SATELLITE ANTENNA USING A PLANAR REFLECTOR AND A MOVABLE FEEDARM AND METHOD TO OBTAIN A SUITABLE PLANAR REFLECTOR

Abstract

 An aspect of the invention concerns a satellite antenna (SA) comprising a planar reflector (PLA), a feedarm (FDA) attached to the planar reflector (PLA) by attaching means (AM); an antenna feed (ANF) attached to the feedarm (FDA) such as to receive the signal focused by the planar reflector (PLA). The planar reflector (PLA) comprises a continuous metallic layer acting as a ground plane and a plurality of conducting patches, said plurality of patches being designed so that the signal reflected by the planar reflector (PLA) is focused to a given focal region, and arranged in one or more layers, such layers being separated among them and from the ground plane by one or more other layers of insulating materials.

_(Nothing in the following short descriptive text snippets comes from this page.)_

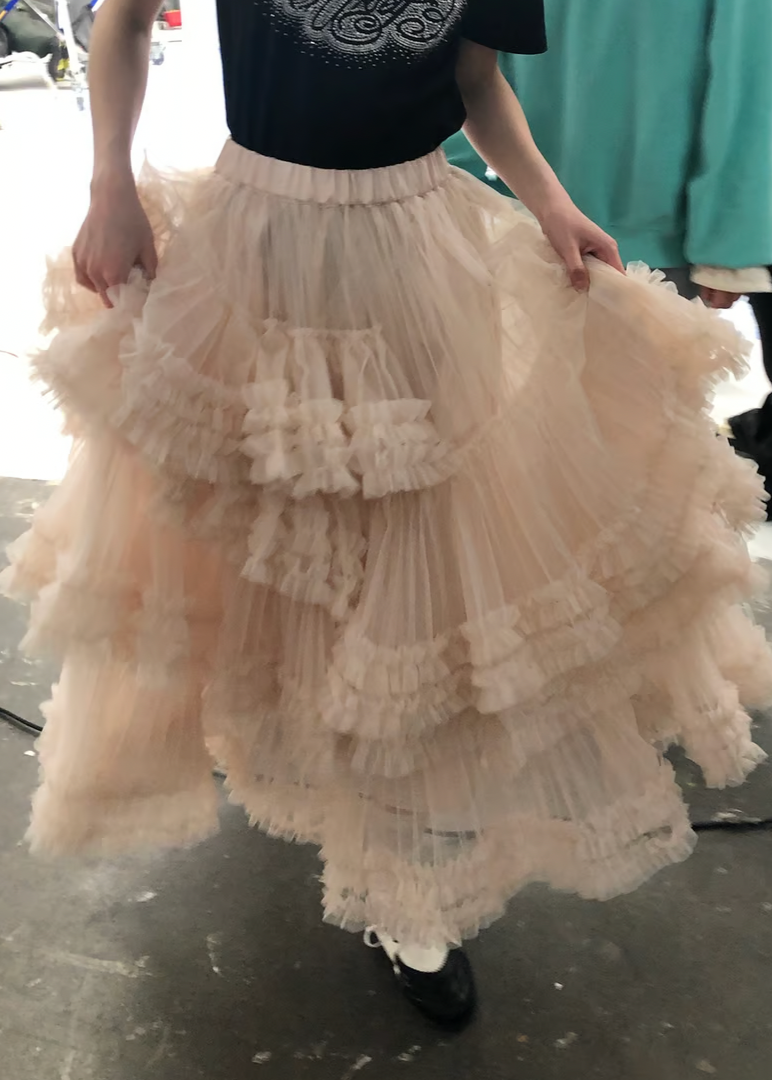 ”Ballerina” blooming tulle skirt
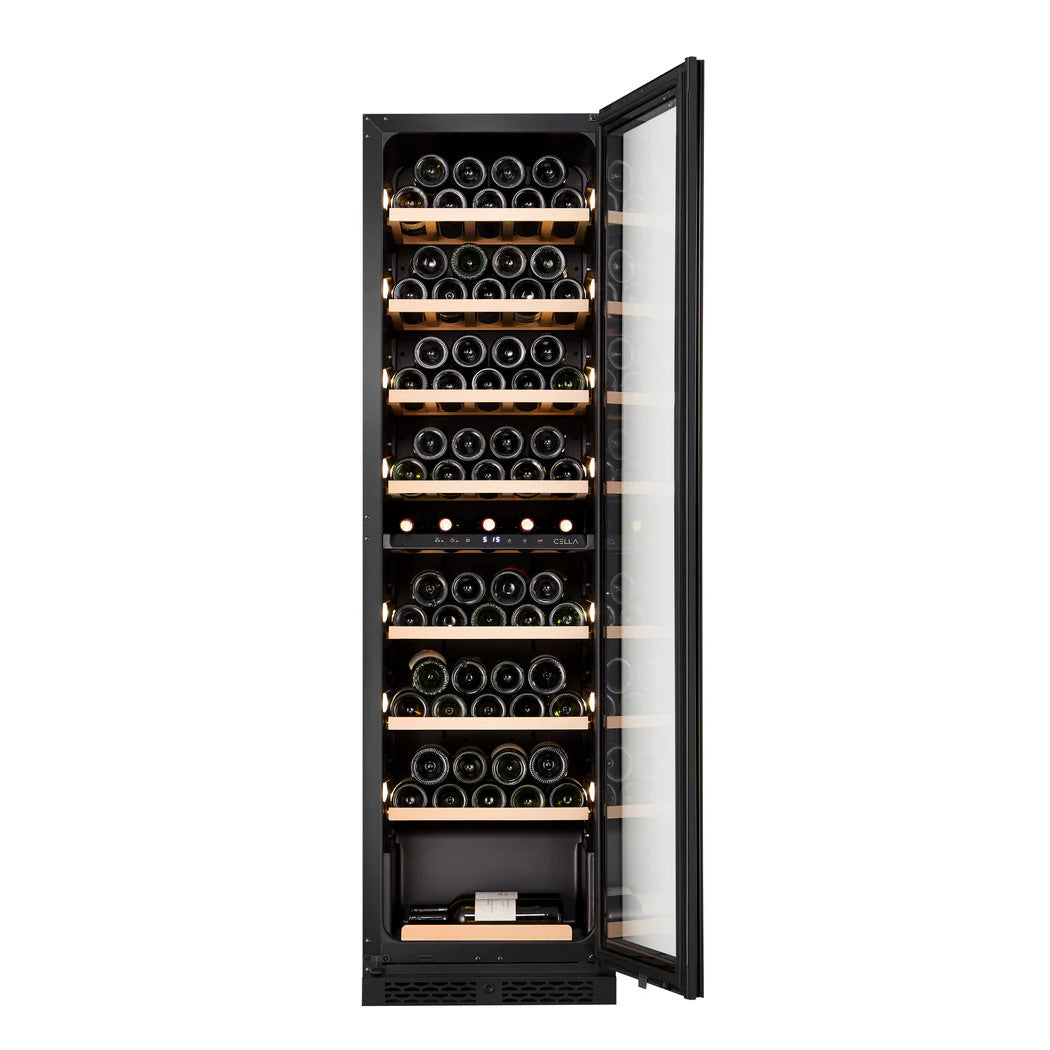 Wine Cooler 74 bottles CELLA W82S Black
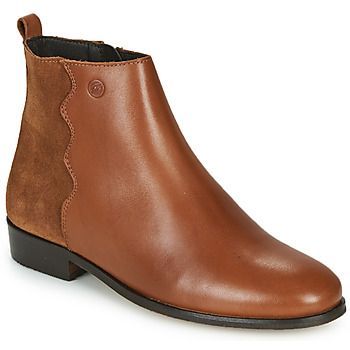 HELOI  women's Mid Boots in Brown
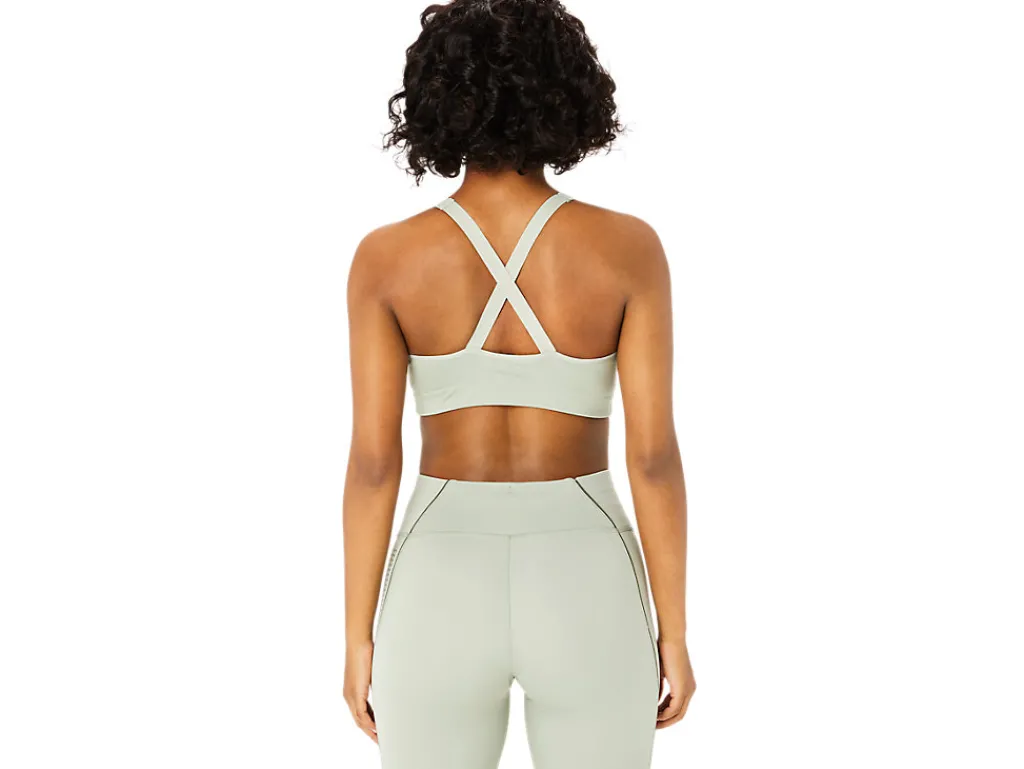 Kleding|Hardlopen>ASICS ACCELERATE BRA Olive Grey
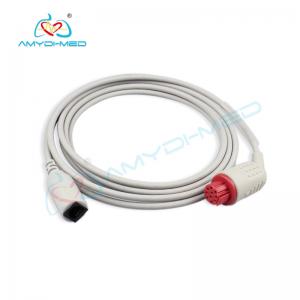 Best Round 12 Pin Transducer Blood Pressure Cable 6 Months Warranty CE Certificate wholesale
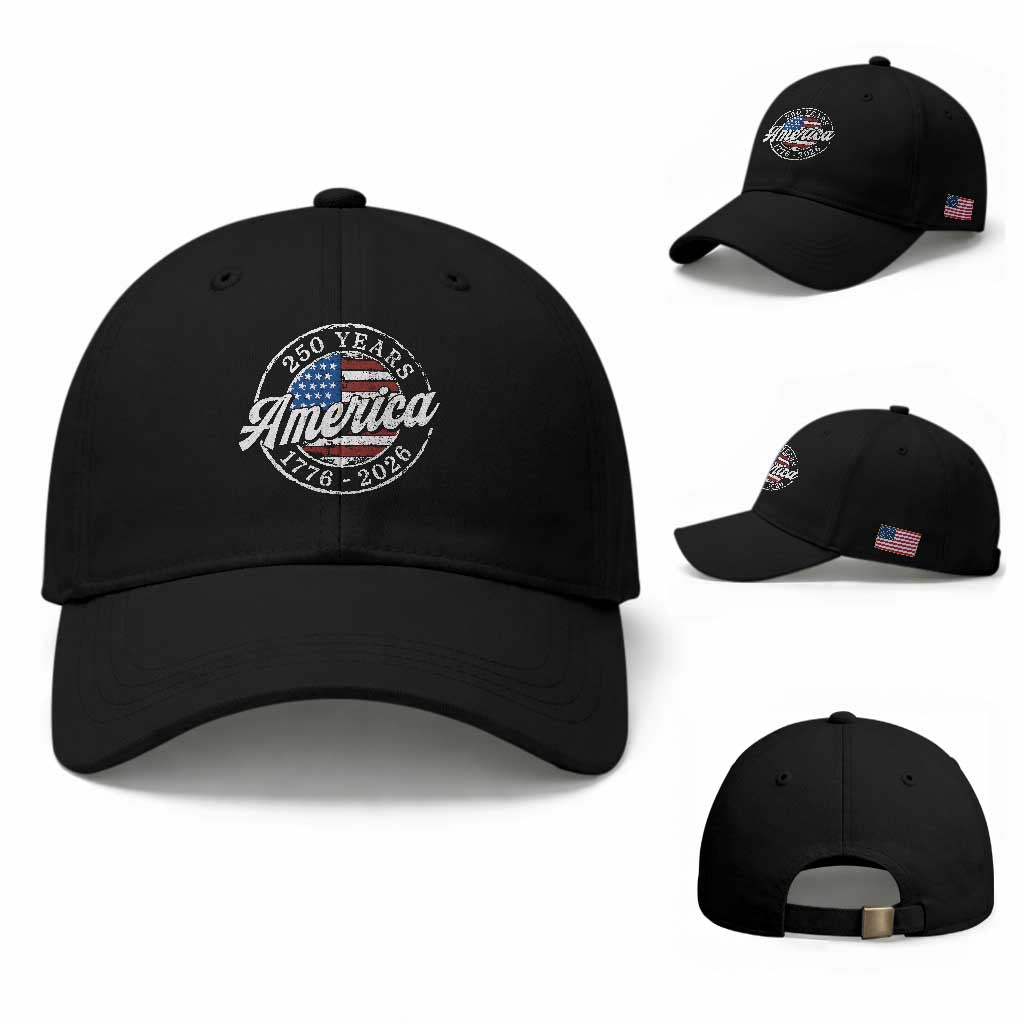 America 250 Years 1776 2026 Baseball Cap 250th Anniversary USA Vintage USA Flag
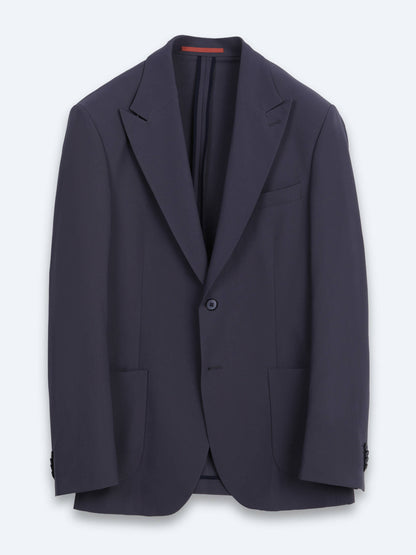 Koyu Gri Düz Modern Fit Örme Takım Elbise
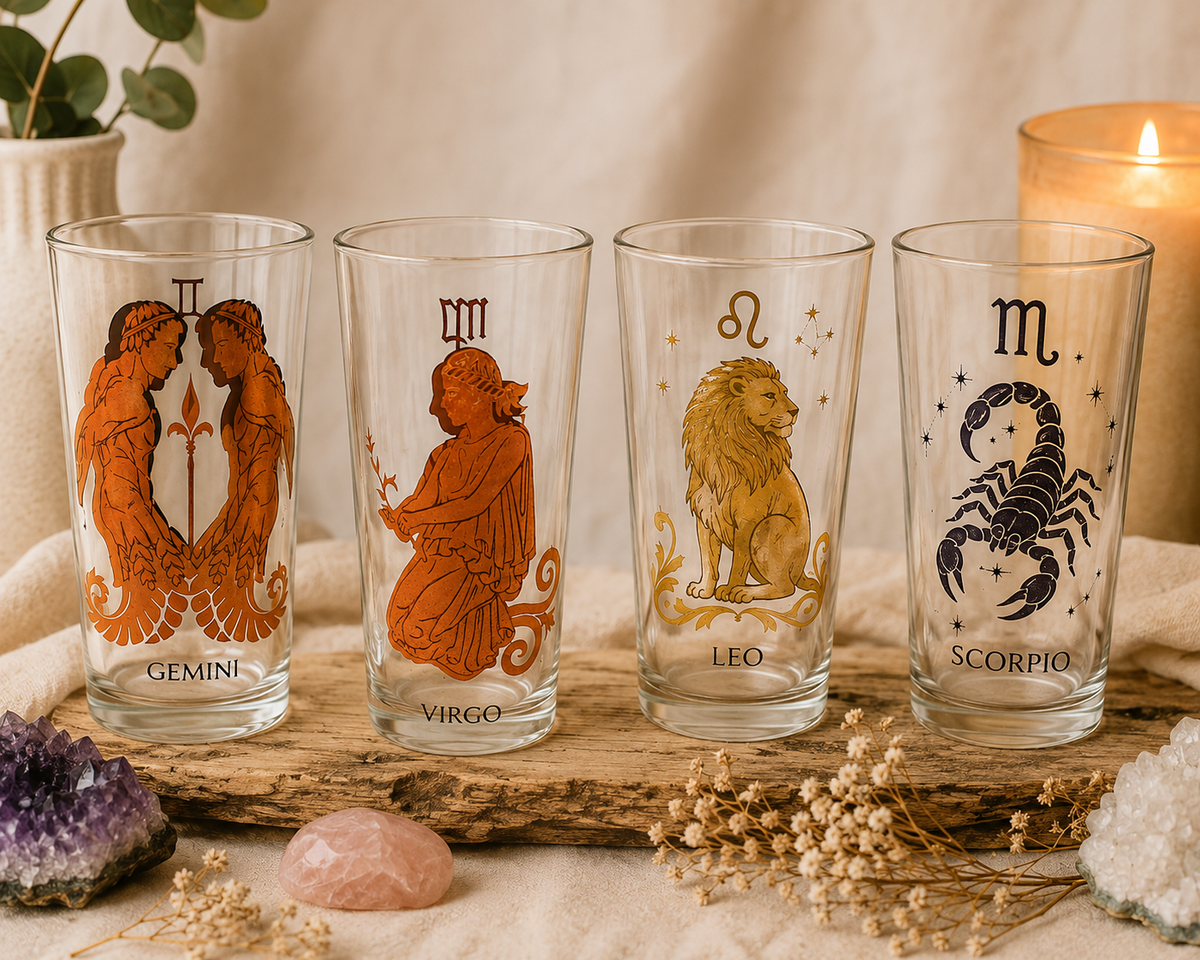 Vintage Zodiac Glassware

Furthermore, the attaching means (AM) used to attach the feedarm (FDA) to the planar reflector (PLA) are arranged to allow the feedarm (FDA) to be moved independently from the planar reflector (PLA) so as to position the antenna feed (ANF) in the focused region of the reflected signal.

Description

TECHNICAL FIELD

[0001] The invention is related to satellite antennas. More particularly the invention is related to a satellite antenna comprising a planar reflector focusing the signal in a given region and an antenna feed fixed on a feedarm, being positioned in the focusing region of the reflected signal by moving said feedarm only, and changing the antenna beam pointing direction.

BACKGROUND ART

[0002] Today's satellite antennas, when fixed to a wall or a roof, tend to protrude from them because they have to be oriented in order to properly receive the signal from a satellite. This has aesthetical consequences that may be important or sometimes unacceptable in case of historical buildings or of local regulations. Furthermore, this configuration makes satellite antennas more prone to damages induced by gusts of wind or snow falling from a roof which can move them or even pull them out. Such drawbacks have been in part mitigated by using planar (or flat) antenna arrays, but such planar antenna arrays are costly and present limitations such as high losses, reduced efficiency due to the use of beam forming networks, reduced size and consequently low gain, and do not allow multibeam operation.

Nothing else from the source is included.